Feb 121959
 
two reels

A Cornish fisherman turns up dead with radiation burns, and overly enthusiastic scientist Steve Karnes (Gene Evans) is sure that a giant sea monster is responsible. With the aid of various government officials and scientists, he seeks to solve the mystery until the beast turns up and solves it for him. It is a radiation breathing dinosaur and it is headed toward London.

Eugène Laurie is the father of the radioactive giant monster genre. The Giant Behemoth is the second, and least, of his three entries, after the defining The Beast From 20,000 Fathoms (1953) and before Gorgo (1961).

Well, you can’t plagiarize yourself, which is what keeps Lourié in the clear as he’s basically remade The Beast From 20,000 Fathoms. The one remarkable change is location.

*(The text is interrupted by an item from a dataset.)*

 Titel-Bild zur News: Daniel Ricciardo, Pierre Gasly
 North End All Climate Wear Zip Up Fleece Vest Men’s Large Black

England needed its own giant monster and now it had one (though it did better a few years later with Gorgo). Lourié makes good use of British locations, particularly the bleak, yet comfortable Cornish seaside. And the secondary British actors make a better show for themselves than the American ones had done. But the copy can’t compete with the original. He no longer had Ray Harryhausen to animate the creature. The Behemoth is a stop-motion monster, which gives it an edge over lesser puppet and suit-mation critters in other films, but it is greatly inferior to Harryhausen’s beast. The animation was rushed, and it looks it. Since the film plays it straight and even a bit depressing, it needed a monster that wouldn’t elicit giggles.

Steve Karnes doesn’t embarrass himself as the lead be he’s neither interesting nor fun and there is no love interest to distract from the routine mystery-solving. It’s odd in that the first fifteen minutes set up a Cornish fisherman and the daughter of the first victim to be our stars, and then abandons them. There were script rewrites, changing the monster from a blob to a dino; I wonder if that earlier draft had them as the leads.

In Britain it is known by the less repetitive title of Behemoth, The Sea Monster.